Sponsored by W. Glenn Young, Jr.

Comparison of 311 burn patients in 1962-1963 with 389 in 1967 reveals that with the advent of topical chemotherapy, pulmonary complications are now the leading cause of death in burn patients Pneumonia is foremost, occurring in 17% of all burn patients and in 50% of mortalities in 1967. Complications of tracheostomy, including pneumothorax, are the second leading complication. Pulmonary edema, suppurative thromboem-bolism, pulmonary melioidosis, and empyema as a result of pneumothorax treatment are less common but difficult in management because of the burn. Bronchiectasis as a late sequela to smoke inhalation is rare but of unusal interest. Greater use of respirators in 1967 led to an increased recognition of "oxygen toxicity," although identical histologic findings have been noted in patients who did not require respiratory support. The pneumonias currently seen are considered to be airborne in contrast to hematogenous pneumonia which was common in 1962-1963. Increased use of respirators and unnecessary tracheostomy are considered important in this relative increase in airborne pneumonia. Prolonged hypoxemia and alkalosis occur in most burn patients, suggesting ventilation-perfusion abnormalities. The application of the basic principles of thoracic surgery as modified in the treatment of the burn patient and as related to these complications is emphasized and discussed in detail.

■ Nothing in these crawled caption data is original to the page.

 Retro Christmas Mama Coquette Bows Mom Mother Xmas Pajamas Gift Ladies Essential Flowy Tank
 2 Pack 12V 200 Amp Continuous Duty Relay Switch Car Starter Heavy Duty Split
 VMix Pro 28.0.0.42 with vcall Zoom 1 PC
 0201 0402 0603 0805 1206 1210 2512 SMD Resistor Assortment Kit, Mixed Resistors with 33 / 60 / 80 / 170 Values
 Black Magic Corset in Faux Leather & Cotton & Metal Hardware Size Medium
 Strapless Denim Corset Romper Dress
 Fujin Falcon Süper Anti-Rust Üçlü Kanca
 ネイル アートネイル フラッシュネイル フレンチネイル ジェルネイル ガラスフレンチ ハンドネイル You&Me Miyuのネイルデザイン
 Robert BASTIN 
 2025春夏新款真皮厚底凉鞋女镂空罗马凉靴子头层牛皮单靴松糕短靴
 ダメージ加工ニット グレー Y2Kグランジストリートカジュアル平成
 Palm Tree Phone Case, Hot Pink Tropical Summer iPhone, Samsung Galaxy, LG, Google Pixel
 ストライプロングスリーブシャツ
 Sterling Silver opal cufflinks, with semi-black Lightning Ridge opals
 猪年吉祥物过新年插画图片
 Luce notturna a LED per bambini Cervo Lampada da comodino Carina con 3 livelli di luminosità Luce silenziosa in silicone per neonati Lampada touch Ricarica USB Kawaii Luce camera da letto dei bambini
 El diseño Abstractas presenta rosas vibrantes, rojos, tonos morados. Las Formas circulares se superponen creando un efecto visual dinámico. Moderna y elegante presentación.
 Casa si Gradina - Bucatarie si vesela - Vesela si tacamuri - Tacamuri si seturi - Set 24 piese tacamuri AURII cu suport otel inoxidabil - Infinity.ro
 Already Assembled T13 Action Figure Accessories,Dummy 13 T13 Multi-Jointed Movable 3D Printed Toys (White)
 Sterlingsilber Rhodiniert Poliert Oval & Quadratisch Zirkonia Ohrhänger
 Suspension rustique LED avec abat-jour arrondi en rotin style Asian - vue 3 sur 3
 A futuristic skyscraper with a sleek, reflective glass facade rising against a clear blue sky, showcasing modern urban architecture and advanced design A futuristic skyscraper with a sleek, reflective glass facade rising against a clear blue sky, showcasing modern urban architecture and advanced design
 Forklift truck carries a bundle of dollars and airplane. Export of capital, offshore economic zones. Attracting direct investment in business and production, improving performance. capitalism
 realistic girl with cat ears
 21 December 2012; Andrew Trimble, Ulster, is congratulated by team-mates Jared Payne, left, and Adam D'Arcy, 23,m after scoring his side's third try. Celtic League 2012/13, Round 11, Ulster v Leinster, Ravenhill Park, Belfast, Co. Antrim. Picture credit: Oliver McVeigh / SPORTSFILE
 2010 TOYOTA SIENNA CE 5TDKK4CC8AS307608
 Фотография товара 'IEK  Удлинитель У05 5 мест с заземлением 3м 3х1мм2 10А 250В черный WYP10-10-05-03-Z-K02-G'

36. Respiratory Failure in Infants Following Cardiovascular Surgery

J. J. Downes,* H. Nicodemus,* and J. A. Waldhausen,

Philadelphia, Pa.

Acute respiratory failure commonly follows operations for congenital heart disease in infants because of the associated abnormal pulmonary circulation. Our criteria for respiratory failure include: abnormal arterial carbon dioxide tension (PaCO2), physiologic dead space-tidal volume ratio greater than 0.50, increased respiratory frequency, and excessive work of breathing. Of 99 infants operated in a 2 year period, 41 met these criteria and received mechanical ventilation. Despite severe, complex lesions, 17 (42%) survived after mechanical ventilation of 24 hours to 3 months duration. Of the 58 infants without respiratory failure, all but one survived. Pulmonary sequelae of high alveolar oxygen tensions contributed to the deaths of 3 infants early in the series. Subsequently, the inspired oxygen concentrations were maintained at the minimum level consistent with an arterial oxygen tension (PaO2) above 35 mmHg (cyanotic lesions) or 70 mmHg (acyanotic lesions). Controlled constant volume ventilation aided by morphine and chest physiotherapy provided optimal distribution of gas and minimal alveolar-arterial oxygen tension gradients. An indwelling systemic arterial catheter permitted frequent determination of pH, PaCO2, and PaO2, and continuous pressure monitoring. We conclude that respiratory failure following cardiovascular surgery in infants can be successfully treated with mechanical ventilation.

*By Invitation


TUESDAY EVENING, APRIL 1, 1969

7:00 P.M. Reception

Pavilion Room

8:00 P.M. Dinner and Dancing

Terrace Room

Attendance limited to Members of the Association and their ladies, Invited Speakers and their ladies, Invited Guests and their ladies.